> Data

-- Opening Marker --

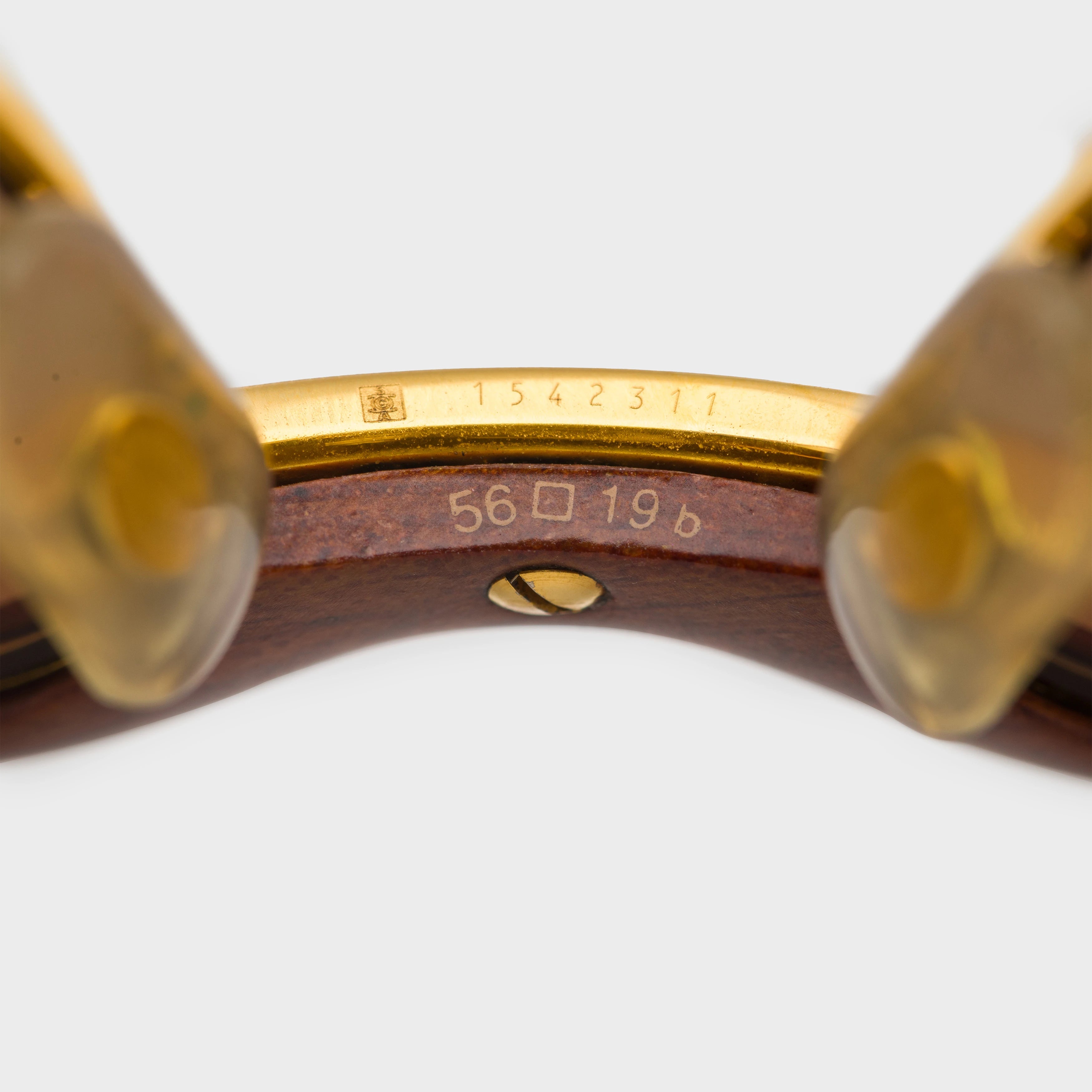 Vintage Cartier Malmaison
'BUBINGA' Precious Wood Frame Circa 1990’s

-- Closing Marker --
-- Opening Marker --

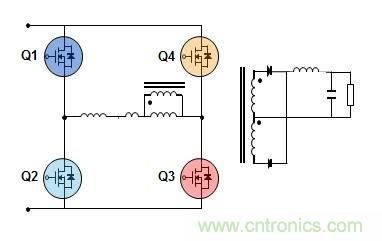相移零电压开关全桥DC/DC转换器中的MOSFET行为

-- Closing Marker --

Taking the entries above, copy word for word the lines from the one with "Vintage Cartier Malmaison" up to and including the one with "Frame Circa 1990’s", without any picture.

 Vintage Cartier Malmaison
'BUBINGA' Precious Wood Frame Circa 1990’s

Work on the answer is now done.